The new tax law is making it a little more difficult to decide how you make your gifts to charity. Here’s why:
The standard deduction has increased from $12,000 to $24,000. So, what does that mean to you? On your tax return you can deduct the larger amount of the standard deduction (12,700 for married couple last year) or the total of your itemized deductions. For example, let’s say last year when you added up all of your charitable giving, taxes, mortgage interest etc. they totaled $7000. In that case you would want to take the standard deduction because it’s larger. In 2018 the standard deduction for married couple is now 24,000. You get to take that deduction even if you don’t have any itemized deductions. In essence this means you may not be getting credit for your charitable contributions.

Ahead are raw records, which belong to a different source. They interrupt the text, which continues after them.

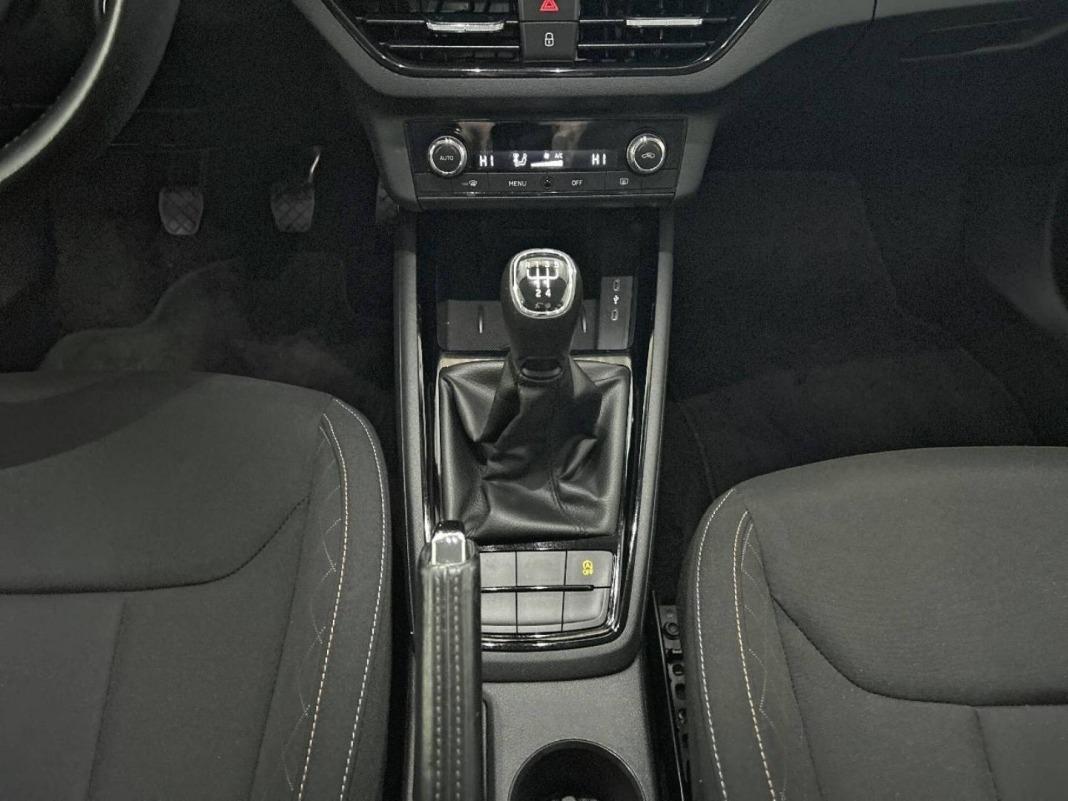 Skoda Kamiq 1.0 TSI 70kW (95CV) Ambition
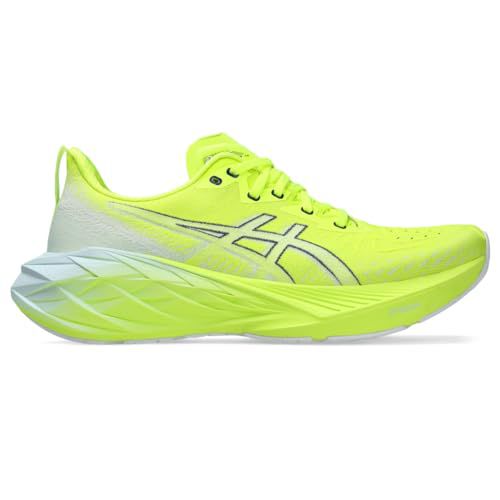 ASICS Men's NOVABLAST 4 Running Shoes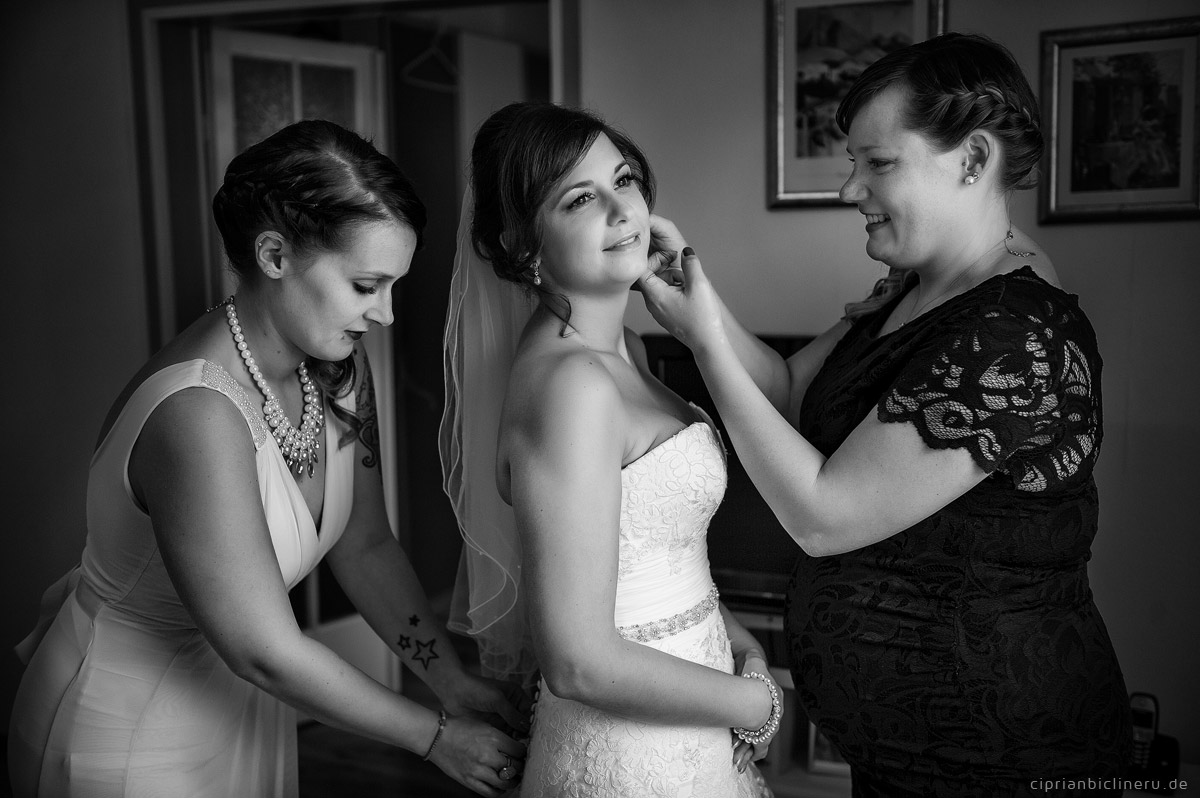 Hochzeit in Bad Homburg 05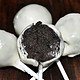 Oooohhh...Oreo Cake Pops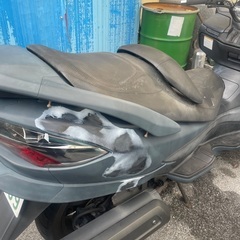 スカイウェイブtypeS (CJ46A)の画像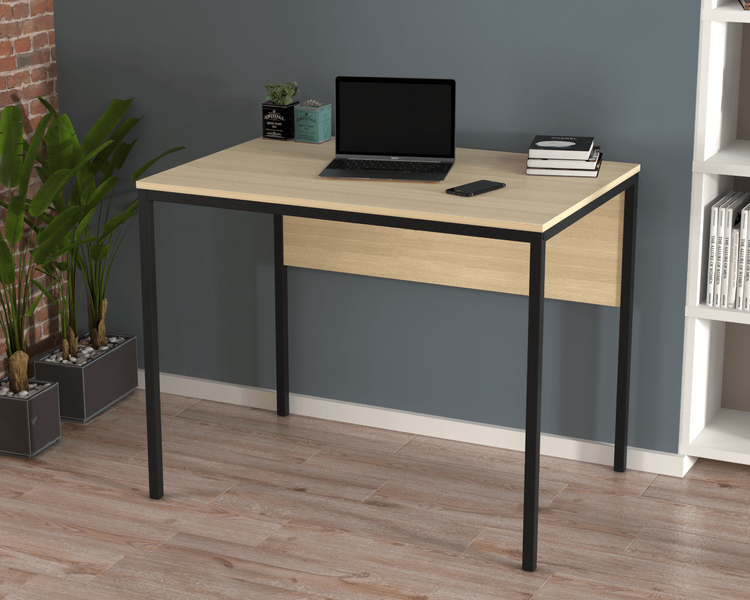 стіл письмовий L-2p mini 750х920х650мм Loft Design X70002 фото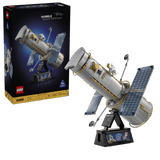 Le télescope spatial Hubble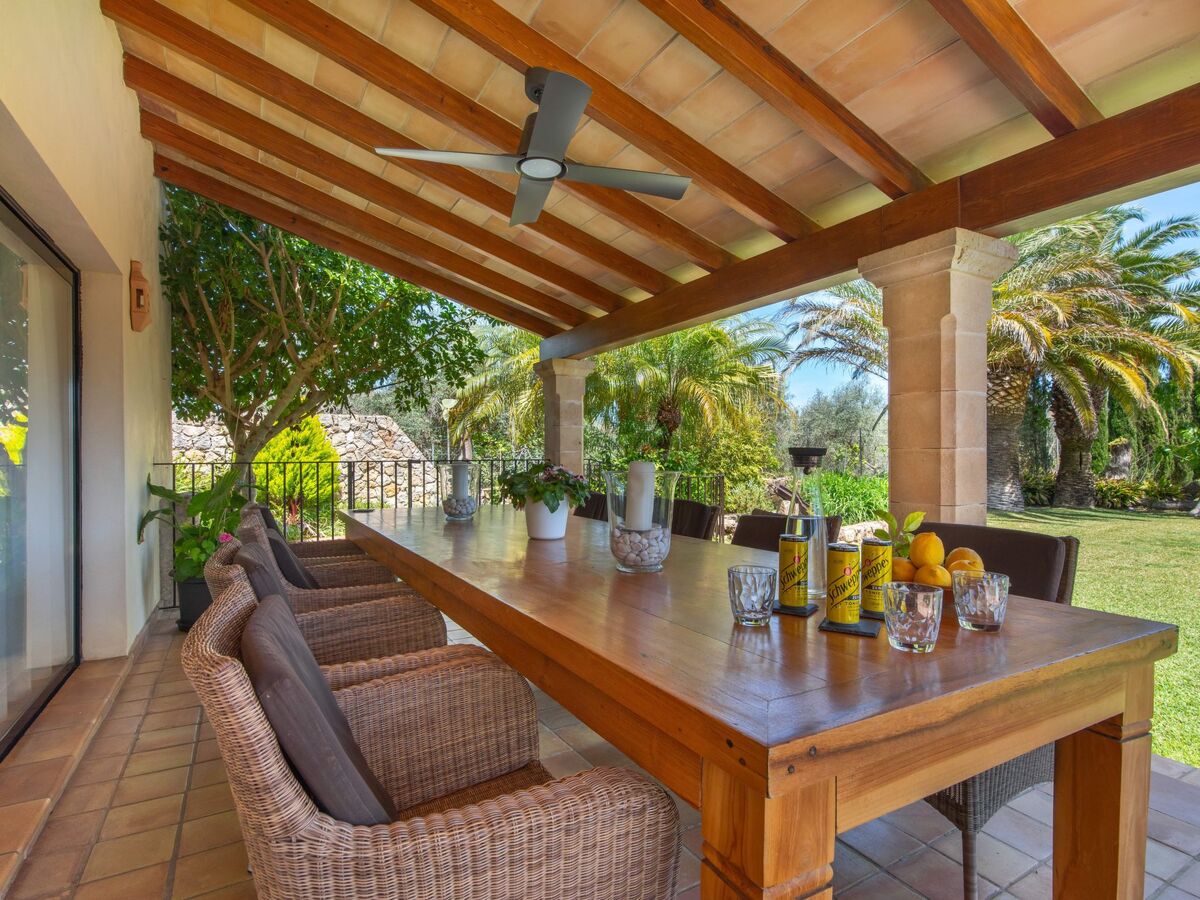 Villa Moliner – Maison 8 pers. avec piscine 12 m et jacuzzi - Photo 18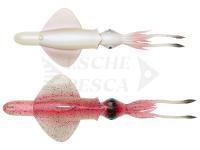 Esca Siliconicha Savage Gear Swim Squid RTF 18cm 90g S - Pink Glow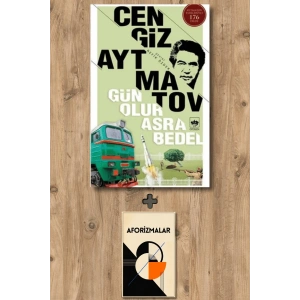 Gün Olur Asra Bedel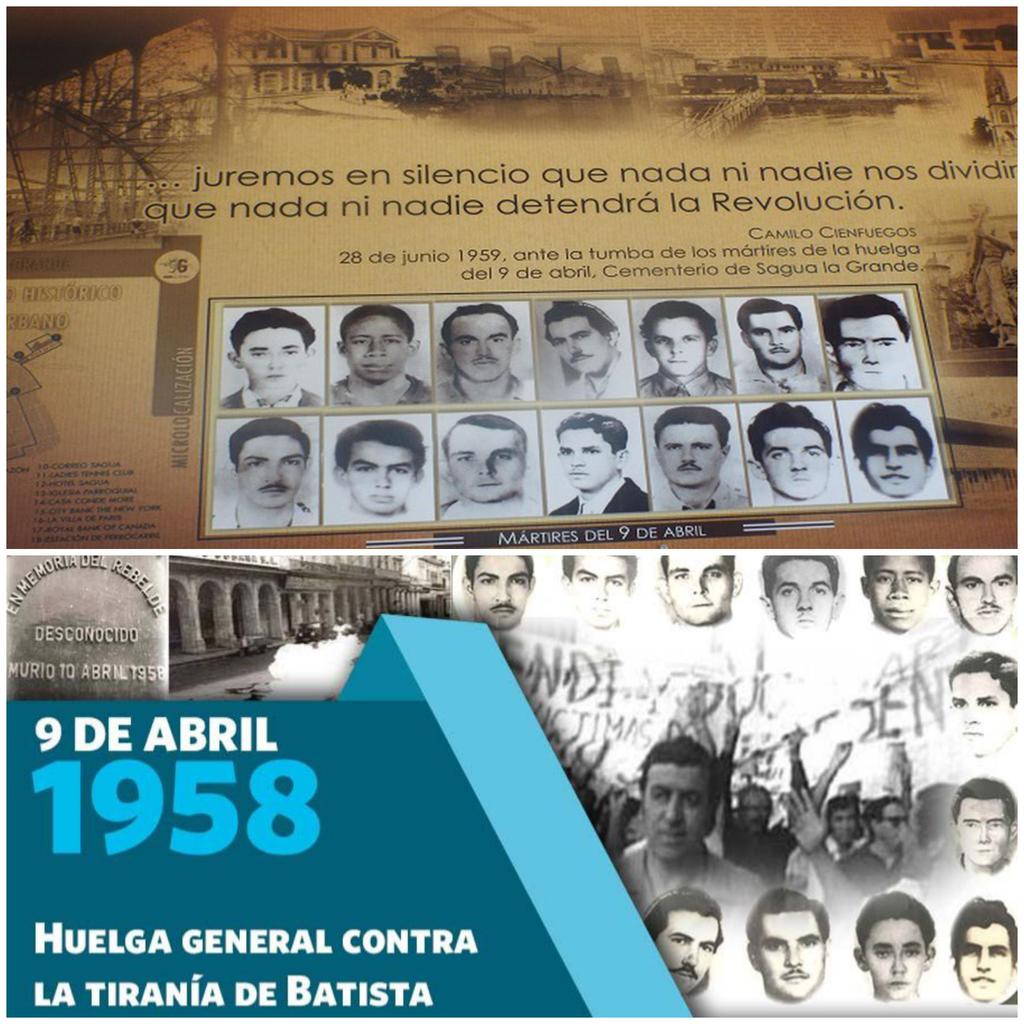 #FidelPorSiempre “Pienso que nuestro pueblo tiene que estar preparado para todas las horas; pienso que nuestro pueblo tiene que estar preparado para todos los momentos; pienso que nuestro pueblo tiene que permanecer firme frente a todos los obstáculos”. #CubaViveEnSuHistoria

However, as Capt. Spock (you’ll only understand this if you’re a Star Trek fan) used to say “there are always possibilities.” Here are a few to consider:
- You may want to contribute directly from your IRA. If you’re over 70 ½ (when you’re required to begin taking withdrawals from your IRA) you can contribute from your IRA directly to a charity. You don’t get a deduction but you also are not taxed on the amount withdrawn from the IRA. Another positive is that your contributions to charity from your IRA will count toward your required minimum distributions that begin at 70 ½. Ask your IRA administrator what steps you need to take, because the procedures can vary from firm to firm.
- Another option is charitable stockpiling. Here’s how it works.Instead of giving $10,000 per year over five years to a charity, you would give $50,000 in one year, taking you above the new $24,000 standard deduction and thus providing a tax benefit for your contribution.
- A donor advised fund could also be a viable option. Like stockpiling a large contribution such as $50,000 in the previous example could be given to a donor advised fund. You would get a tax deduction for this $50,000 in the year given. However, you wouldn’t have to choose the charities that you distribute the money to until later on. As long as it’s a 501©(3) qualified charity you’re okay.
This is only one of many aspects of the new tax law. It’s important that you look at your entire tax picture before making any decisions. Consulting with your CPA on this would help you connect the dots and maybe keep more money in your pocket rather than putting it in Uncle Sam’s.